En Galicia la mayor parte de los suelos son ácidos debido al tipo de rocas que los conformaron –granitos y pizarras- y a la abundancia de precipitaciones. Para corregir el exceso de acidez lo mejor era añadir cal, cal que había que traer desde zonas cercanas en las que tal compuesto abundaba: desde el Cantábrico o desde algunas comarcas orientales gallegas como Sarria o Valdeorras. Precisamente en Valdeorras fue donde un destacado empresario, Marcelino Suárez González, estableció en 1900 la firma Caleras de Valdeorras para explotar los yacimientos locales de calizas. Una biografía del mismo ha sido publicada recientemente por Ricardo Gurriarán en el libro Empresarios de Galicia, coordinado por Xoán Carmona.

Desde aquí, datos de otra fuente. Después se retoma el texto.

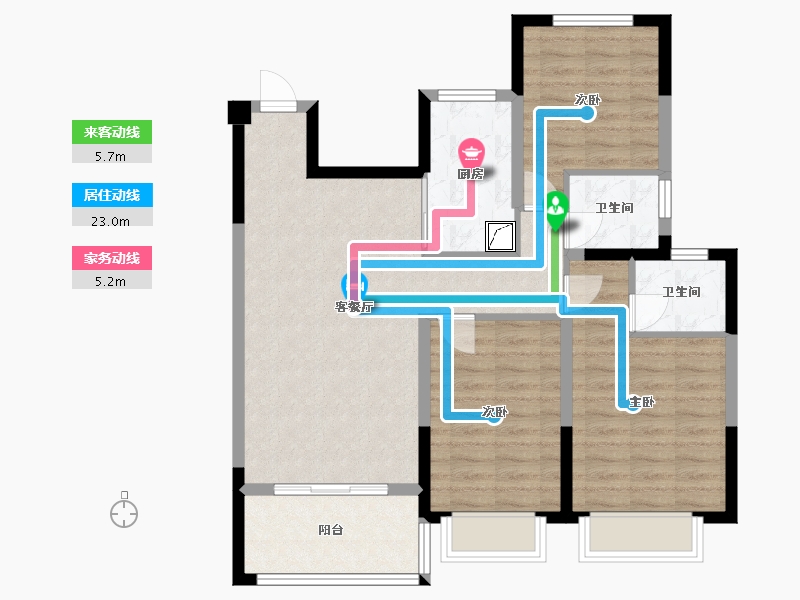 浙江省-金华市-星月嘉园-94.00-户型库-动静线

Como puede verse en un anuncio de la empresa de 1903, sus productos iban dirigidos al sector de la construcción, a varias industrias recién establecidas en Galicia –las azucareras y las que fabricaban carburo de calcio- y, lo que nos interesa aquí, a los agricultores. Un suministro de ‘borrallo de cal’ para mejorar sus tierras que se enfrentaba al problema de las deficientes redes de transporte existentes por aquel entonces.
El mapa de la red ferroviaria gallega de principios del siglo XX deja bien claro que eran muy extensas las zonas a las que no podía enviarse cal desde O Barco de Valdeorras -justo encima de la A de Astorga, en el mapa adjunto- por vía férrea, y ya no digamos por carretera. De ahí que Marcelino Suárez tuviese que crear sus propios servicios de transporte por mar para colocar su producto en las comarcas costeras, al igual que hacían otros empresarios, y botó en 1904 un balandro llamado Valdeorras.
No fue la valdeorrense la única empresa dedicada a fabricar cal viva, pero sí mucho más importante que otras fundadas con posterioridad –como por ejemplo Caleras del Lérez, Caleras del Ulla o Caleras de Tragove- que se ubicaban en la costa porque su materia prima llegaba por barco desde las costas cantábricas.
Décadas más tarde surgieron otras firmas cuyo objetivo principal era abastecer a los agricultores. La más destacada fue Calfensa -Calizas y Fertilizantes del Noroeste SA-, fundada en 1966 por Antonio Fernández López, Arcadio Arienza y Fidel Isla Couto en Oural (Sarria), al sur de la provincia de Lugo, pocos años después de que estableciesen en el mismo lugar la única fábrica de cementos de Galicia, Cementos del Noroeste.
Mejorada la red de transportes, llevar el producto a los cultivadores no era ya un obstáculo tan importante como a principios de siglo y había ahora que reducir costes en otra fase del proceso productivo: la de esparcir la cal por las tierras de cultivo. Surge así el ‘chintófano’, vocablo gallego que se usa para aludir a un objeto que se conoce pero cuyo nombre no se recuerda o no se sabe, en este caso el de una máquina un poco especial, con ventilador incluido.
Y como recuerdo la palabrita justo con ese uso, el de una cosa a la que no se encuentra nombre, como sucede con el verbo aquelar, pues me hizo mucha gracia que en una revista profesional del sector agrario se recogiese lo del chintófano, una 'palabra de oscuro origen', según el reportaje. Un caso de inventiva mecánica y de comodín del lenguaje coloquial, ya en desuso.